Qui d'entres nous n'a pas déjà entendu parler de conflits qui auraient pris naissance entre héritiers à l'ouverture d'une succession ? Peut-être même l'avez-vous vécu personnellement... Ces conflits mettent fin parfois définitivement aux relations familiales existantes. Il m'arrive de rencontrer des gens, qui planifiant leur successions, appréhendent de tels conlits et se demandent comment les éviter.
Dans l'affaire Sansfaçon (C.S. Québec 200-17-002923-02, 10 avril 2003), le défunt, ayant réfléchi à cette question, avait inséré dans son testament une clause d'arbitrage et médiation obligatoire pour le liquidateur et héritiers en cas de mésententes.
La clause stipulait :
7.1 Arbitrage obligatoire
S'il y avait un désaccord entre mon liquidateur successoral et un des héritiers ou entre héritiers, le différend sera obligatoirement soumis à l'arbitrage d'un arbitre unique ou d'un conseil d'arbitrage dont la décision sera finale et sans appel.

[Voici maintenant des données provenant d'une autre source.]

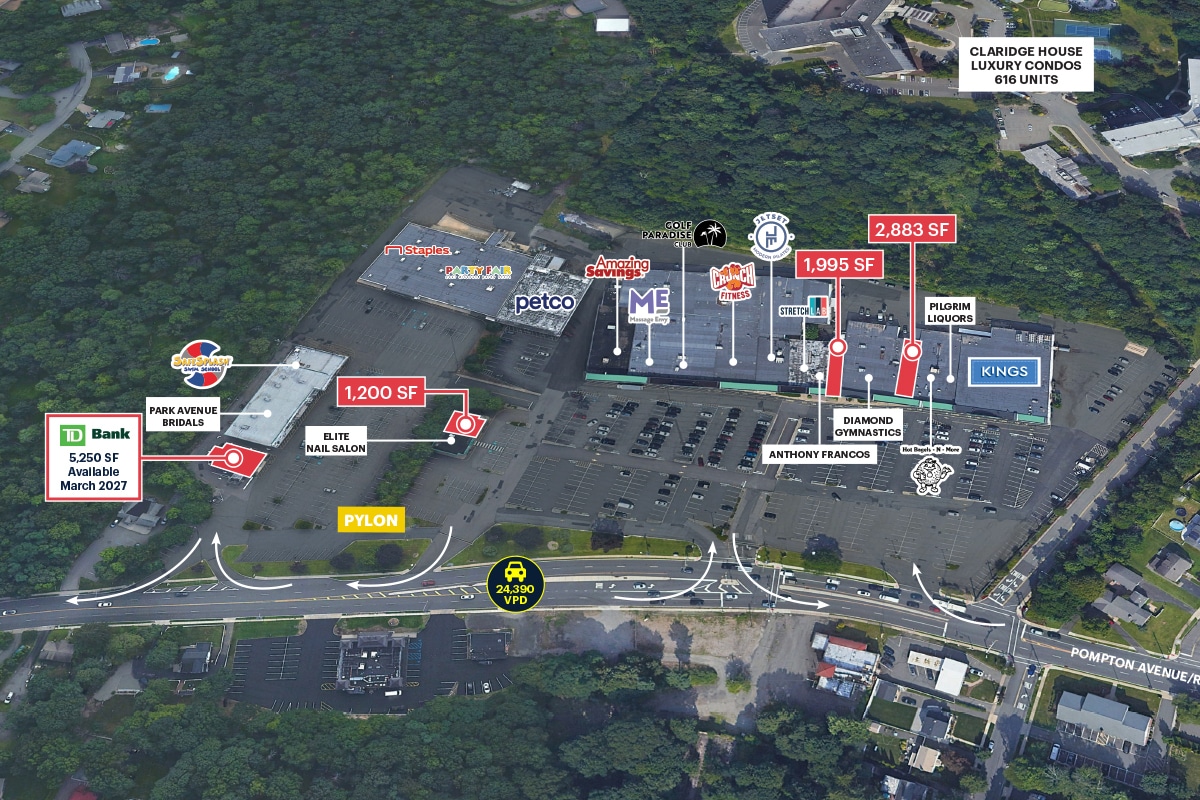 265-345 Pompton Ave, Verona, NJ à louer Photo intérieure– Image 1 sur 2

En conséquence, les parties renoncent aux tribunaux, sauf pour injonction, pour arbitrer et régler leurs différends eu égard à ce testament et sauf pour faire homologuer la décision de l'arbitre ou du conseil arbitral le cas échéant.
Et, pour terminer ,M. Sansfaçon voulant persuader ses héritiers de l'obligation d'avoir recours au dit arbitrage, rédige au deuxième alinéa de cette clause la mention suivante,
7.1 (suite) Tous les legs, toutes les charges accordées aux présentes, le sont sous condition sine qua non de se soumettre aux dispositions relatives à l'arbitrage telles que stipulées à cet article.
Malgré cette clause, les demandeurs (héritiers) poursuivent la défenderesse (liquidatrice nommée au testament notarié) devant la Cour supérieure constestant son administration des biens et la reddition de compte.
Le procureur de la défenderesse plaide que le testament prévoit spécifiquement que, en cas de désaccord, les parties doivent obligatoirement procéder à un arbitrage selon les dispositions de l'article 7 du testament. L'avocate des demandeurs soutient que le Code civil du Québec encadre l'arbitrage à l'intérieur d'une convention, d'un contrat. En conséquence, il faut qu'une telle convention d'arbitrage intervienne entre les deux parties. Or, le testament est un acte juridique unilatéral.
Le juge devait donc soupeser le principe de la liberté de tester versus les limites imposées par la loi, à l'ordre public.
Citant le professeur Germain Brière, le juge rappelle "que la liberté de tester, d'origine britannique, a été introduite dans notre droit en 1774, qu'elle est demeurée pratiquement illimitée durant deux siècles et que les propositions tendant à la restreindre sont demeurées infructueuses jusqu'à 1989". Le Tribunal attire l'attention également sur l'article 6 de la Charte des droits et libertés de la personne (L.R.Q., c. C-12) qui stipule que "Toute personne a droit à la jouissance paisible et à la libre disposition de ses biens, sauf dans la mesure prévue par la loi."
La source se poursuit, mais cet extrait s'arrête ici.